Asalkan tidak sengaja menusuk hati, bangsa kita enak diajak bergaul. Turis asing senang datang ke negeri kita bisa jadi salah satunya karena dalam serba kekurangan bangsa kita masih bertegur sapa dan tulus tersenyum. Sutradara film mungkin melihatnya sebagai sebuah puisi. Masih ada senyuman tulus di balik kegetiran hidup. Bagi setiap filsuf, potret itu juga sebuah kekocakan hidup.
DI negeri orang lain, warga terantuk batu saja sudah berteriak keras. Kocaknya bangsa kita, meski sudah lama terinjak, mungkin diinjak, masih saja mesem yang tidak dibuat-buat ala Mr Bean. Mesemnya menggendong ketegaran hidup. Jika sampai marah, mereka menyampaikan dengan santun.
Bangsa lain mungkin sudah menjerit, bangsa kita menahan rasa perih pedih kehidupan tanpa mengaduh. Perhatian kecil dari penguasa membuat rakyat sumringah-nya luar biasa. Apalagi jika sampai bisa membuat mereka kecukupan makan tiap hari. Kocaknya pula, bangsa kita masih sering takut kepada polisi kendati tidak bersalah. Masih tetap menaruh hormat kepada pamong, kendati proyek jalan desa dikorupsi dan sawah dibiarkan puso.

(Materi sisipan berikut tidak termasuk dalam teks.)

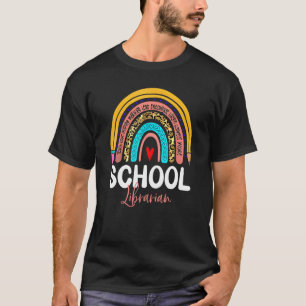 School Librarian Leopard Rainbow Back To School Te T-Shirt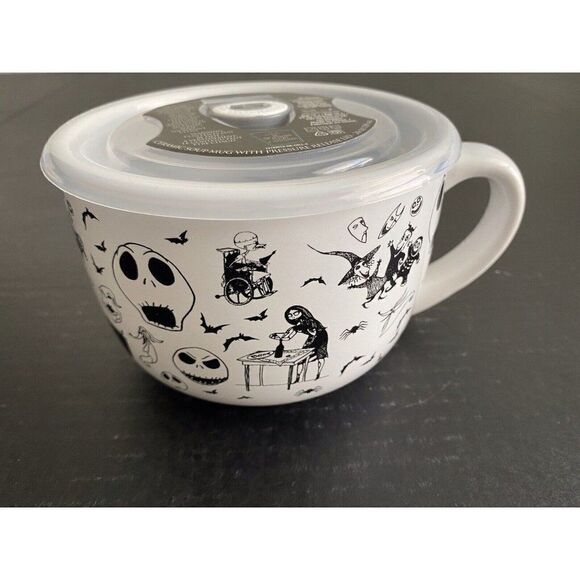 Disney Halloween Nightmare Before Christmas Soup Bowl Microwave Mug Pressure Lid - Picture 1 of 10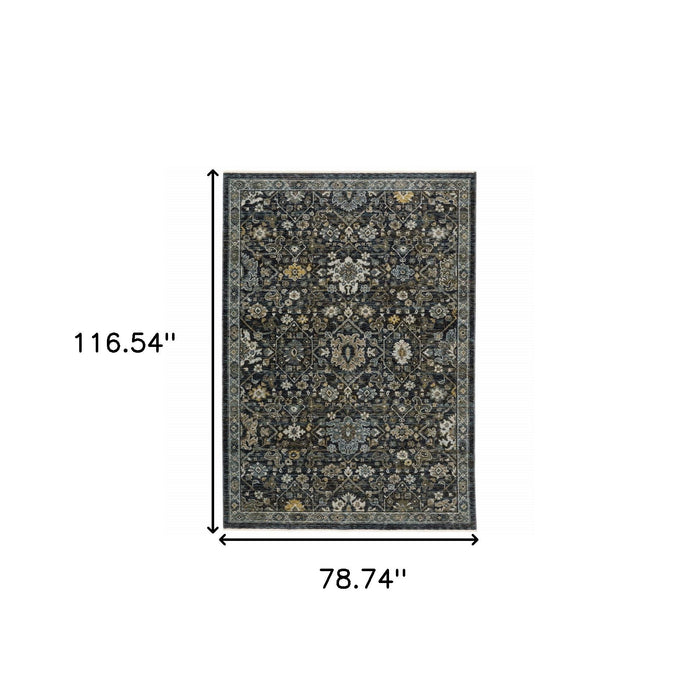 6.6' x 9.7' Oriental Power Loom Area Rug With Fringe - Blue And Ivory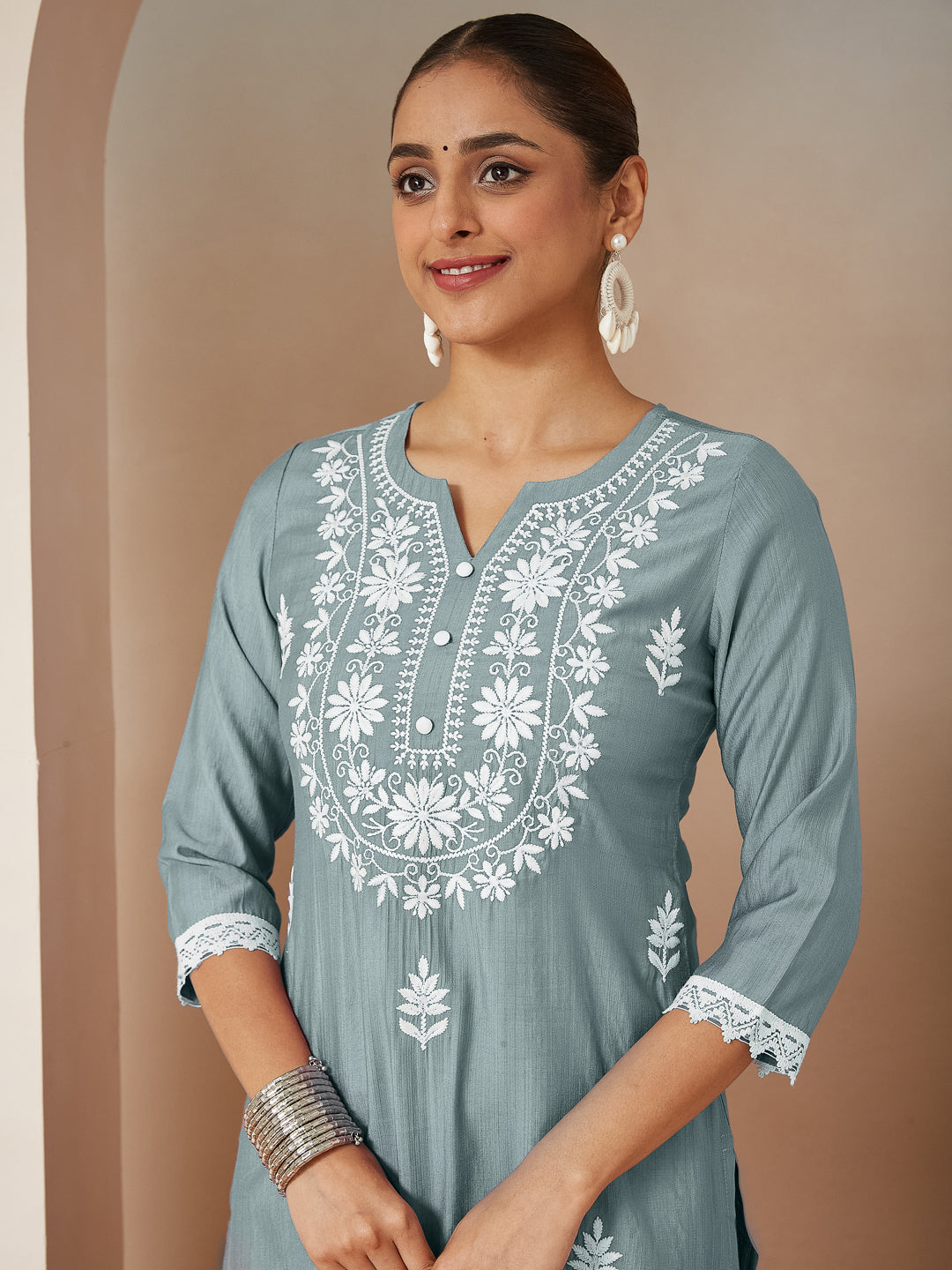 Ninnique Women's Powder Blue Silk Blend Embroidered Straight Kurta Set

Kita ingin menyitir gejala orang-orang di negara sosialis, yang saking beratnya hidup, tanpa boleh berontak dan mengaduh sehingga yang muncul ungkapan satir dan gereget humor sebagai katarsis. Dari situ ada tangkai-tangkai humanisme yang mungkin terpetik. Kalau di sana, misalnya, tumbuh fenomena sosial "Mati Ketawa Cara Rusia", rasanya bukannya dibuat-buat bila di sini ada pula spesies hidup berbangsa dengan kekocakan karakter "Mati Ketawa Cara Indonesia".